#### Your goal
Would you set down every entry again, exactly as written?

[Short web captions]

----------

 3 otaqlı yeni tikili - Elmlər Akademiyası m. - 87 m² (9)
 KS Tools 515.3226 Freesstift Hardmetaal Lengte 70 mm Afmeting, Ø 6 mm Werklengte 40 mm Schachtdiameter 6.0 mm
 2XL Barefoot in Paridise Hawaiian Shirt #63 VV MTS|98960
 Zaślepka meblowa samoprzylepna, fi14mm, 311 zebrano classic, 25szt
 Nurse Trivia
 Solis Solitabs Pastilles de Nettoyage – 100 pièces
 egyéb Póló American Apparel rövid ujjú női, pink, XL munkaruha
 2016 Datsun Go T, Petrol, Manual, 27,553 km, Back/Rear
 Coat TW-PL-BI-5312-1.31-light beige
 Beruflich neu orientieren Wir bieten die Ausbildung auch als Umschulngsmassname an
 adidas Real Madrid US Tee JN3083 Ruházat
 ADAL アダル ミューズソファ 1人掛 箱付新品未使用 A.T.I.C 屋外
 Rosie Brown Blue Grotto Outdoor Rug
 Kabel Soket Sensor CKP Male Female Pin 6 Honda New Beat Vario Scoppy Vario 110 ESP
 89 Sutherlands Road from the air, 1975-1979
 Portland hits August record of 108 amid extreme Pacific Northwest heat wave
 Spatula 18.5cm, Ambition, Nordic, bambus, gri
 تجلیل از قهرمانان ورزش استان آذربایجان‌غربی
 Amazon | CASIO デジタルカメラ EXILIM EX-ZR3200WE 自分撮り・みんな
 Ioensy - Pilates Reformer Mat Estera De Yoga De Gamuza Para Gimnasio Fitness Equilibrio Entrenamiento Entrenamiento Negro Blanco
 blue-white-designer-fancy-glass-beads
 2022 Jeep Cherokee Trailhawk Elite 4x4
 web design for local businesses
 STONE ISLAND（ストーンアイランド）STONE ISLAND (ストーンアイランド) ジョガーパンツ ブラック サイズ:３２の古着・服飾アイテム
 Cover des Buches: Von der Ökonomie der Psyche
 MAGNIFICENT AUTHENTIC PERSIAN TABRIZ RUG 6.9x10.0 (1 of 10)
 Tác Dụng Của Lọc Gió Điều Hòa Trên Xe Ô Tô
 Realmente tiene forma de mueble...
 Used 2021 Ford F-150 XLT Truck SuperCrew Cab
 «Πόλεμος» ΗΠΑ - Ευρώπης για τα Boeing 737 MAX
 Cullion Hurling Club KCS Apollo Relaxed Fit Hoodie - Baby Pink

----------

#### Task response
 3 otaqlı yeni tikili - Elmlər Akademiyası m. - 87 m² (9)
 KS Tools 515.3226 Freesstift Hardmetaal Lengte 70 mm Afmeting, Ø 6 mm Werklengte 40 mm Schachtdiameter 6.0 mm
 2XL Barefoot in Paridise Hawaiian Shirt #63 VV MTS|98960
 Zaślepka meblowa samoprzylepna, fi14mm, 311 zebrano classic, 25szt
 Nurse Trivia
 Solis Solitabs Pastilles de Nettoyage – 100 pièces
 egyéb Póló American Apparel rövid ujjú női, pink, XL munkaruha
 2016 Datsun Go T, Petrol, Manual, 27,553 km, Back/Rear
 Coat TW-PL-BI-5312-1.31-light beige
 Beruflich neu orientieren Wir bieten die Ausbildung auch als Umschulngsmassname an
 adidas Real Madrid US Tee JN3083 Ruházat
 ADAL アダル ミューズソファ 1人掛 箱付新品未使用 A.T.I.C 屋外
 Rosie Brown Blue Grotto Outdoor Rug
 Kabel Soket Sensor CKP Male Female Pin 6 Honda New Beat Vario Scoppy Vario 110 ESP
 89 Sutherlands Road from the air, 1975-1979
 Portland hits August record of 108 amid extreme Pacific Northwest heat wave
 Spatula 18.5cm, Ambition, Nordic, bambus, gri
 تجلیل از قهرمانان ورزش استان آذربایجان‌غربی
 Amazon | CASIO デジタルカメラ EXILIM EX-ZR3200WE 自分撮り・みんな
 Ioensy - Pilates Reformer Mat Estera De Yoga De Gamuza Para Gimnasio Fitness Equilibrio Entrenamiento Entrenamiento Negro Blanco
 blue-white-designer-fancy-glass-beads
 2022 Jeep Cherokee Trailhawk Elite 4x4
 web design for local businesses
 STONE ISLAND（ストーンアイランド）STONE ISLAND (ストーンアイランド) ジョガーパンツ ブラック サイズ:３２の古着・服飾アイテム
 Cover des Buches: Von der Ökonomie der Psyche
 MAGNIFICENT AUTHENTIC PERSIAN TABRIZ RUG 6.9x10.0 (1 of 10)
 Tác Dụng Của Lọc Gió Điều Hòa Trên Xe Ô Tô
 Realmente tiene forma de mueble...
 Used 2021 Ford F-150 XLT Truck SuperCrew Cab
 «Πόλεμος» ΗΠΑ - Ευρώπης για τα Boeing 737 MAX
 Cullion Hurling Club KCS Apollo Relaxed Fit Hoodie - Baby Pink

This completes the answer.